> [Aim of the task]:
Please retype the entries that follow exactly as they are, leaving the images behind.

> [Recorded information]:
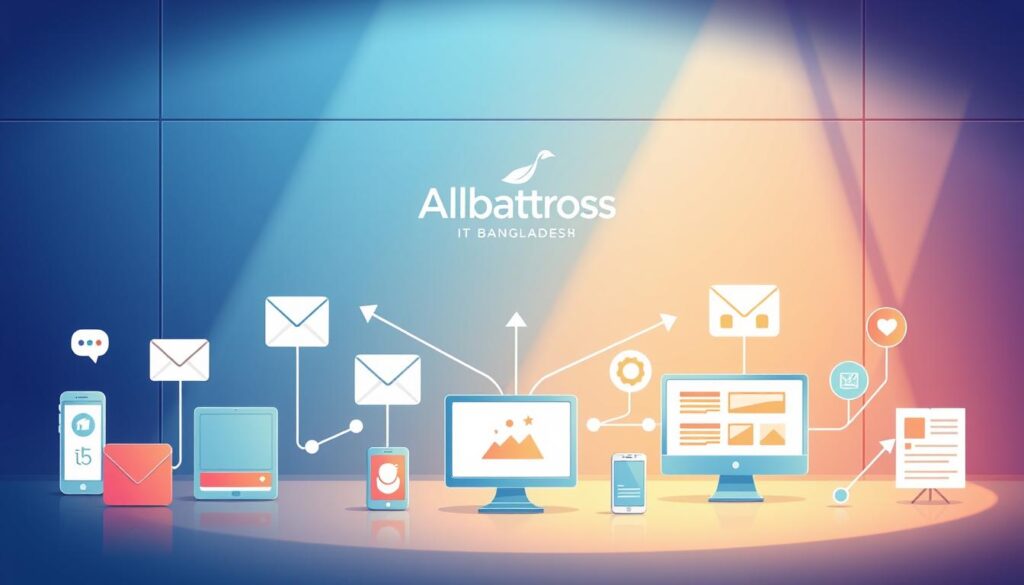 Content Distribution Channels Content Distribution Channels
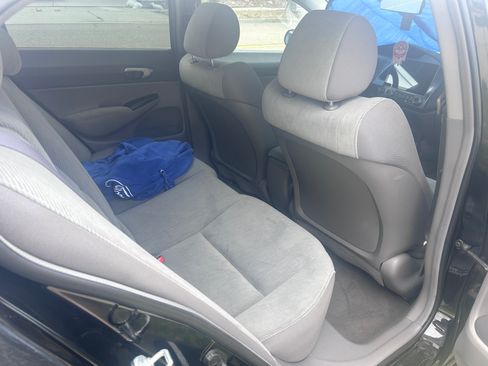 Used 2010 Honda Civic LX image 16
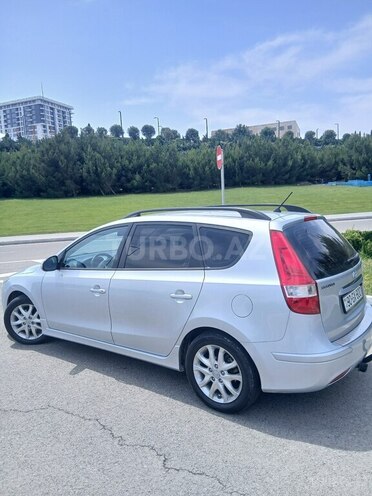 Hyundai i30 2011, 275,000 km - 1.6 l - Bakı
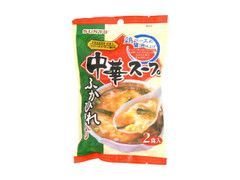 サンヨー 中華スープ 商品写真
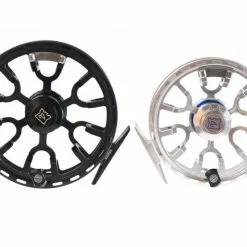 Hardy Fortuna Regent Fly Reel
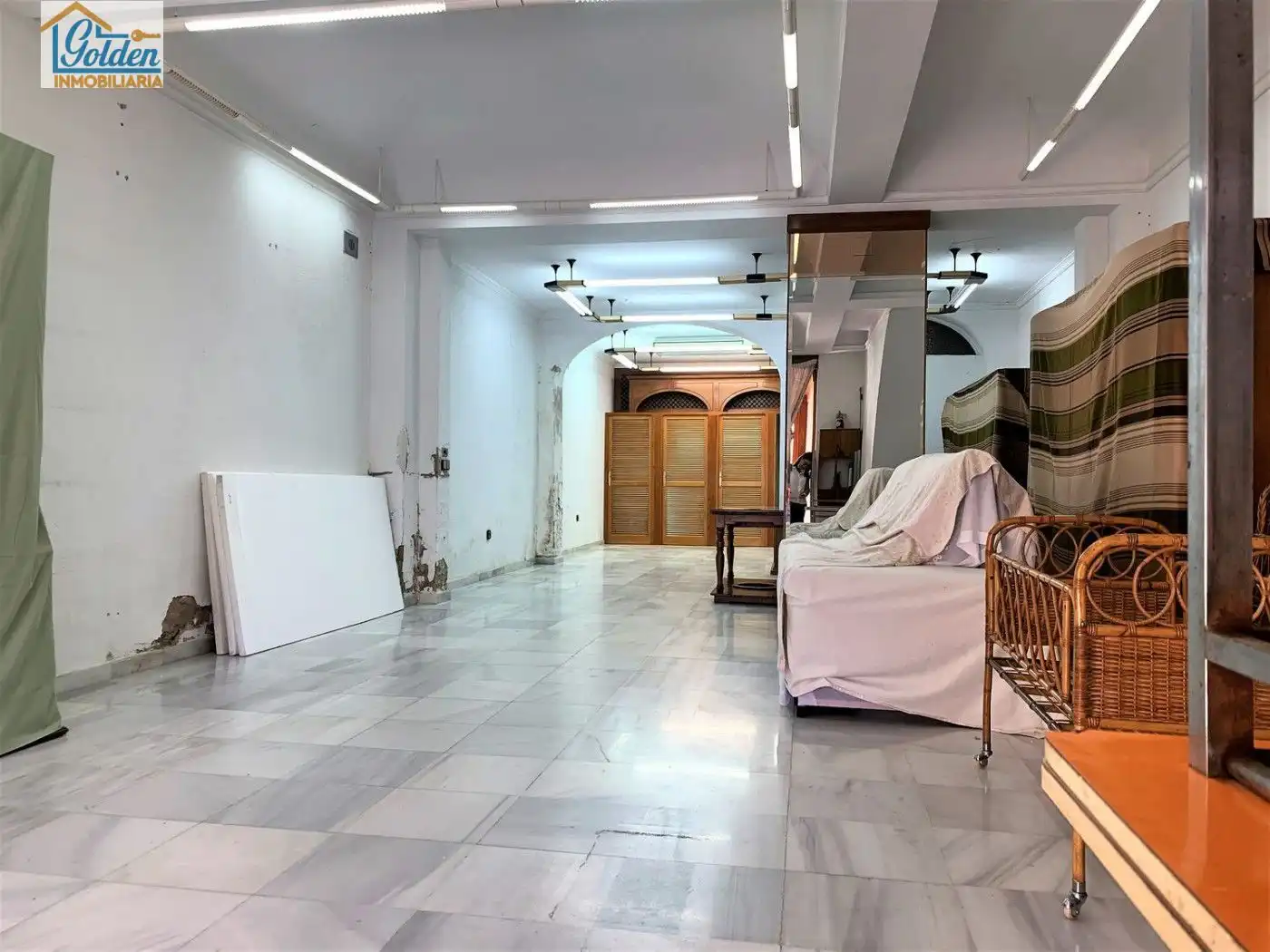 Wohnung zum Verkauf in del Pilar, Don Benito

> [Response box]:
 Content Distribution Channels Content Distribution Channels
 Used 2010 Honda Civic LX image 16
 Hyundai i30 2011, 275,000 km - 1.6 l - Bakı
 サンヨー 中華スープ 商品写真
 Hardy Fortuna Regent Fly Reel
 Wohnung zum Verkauf in del Pilar, Don Benito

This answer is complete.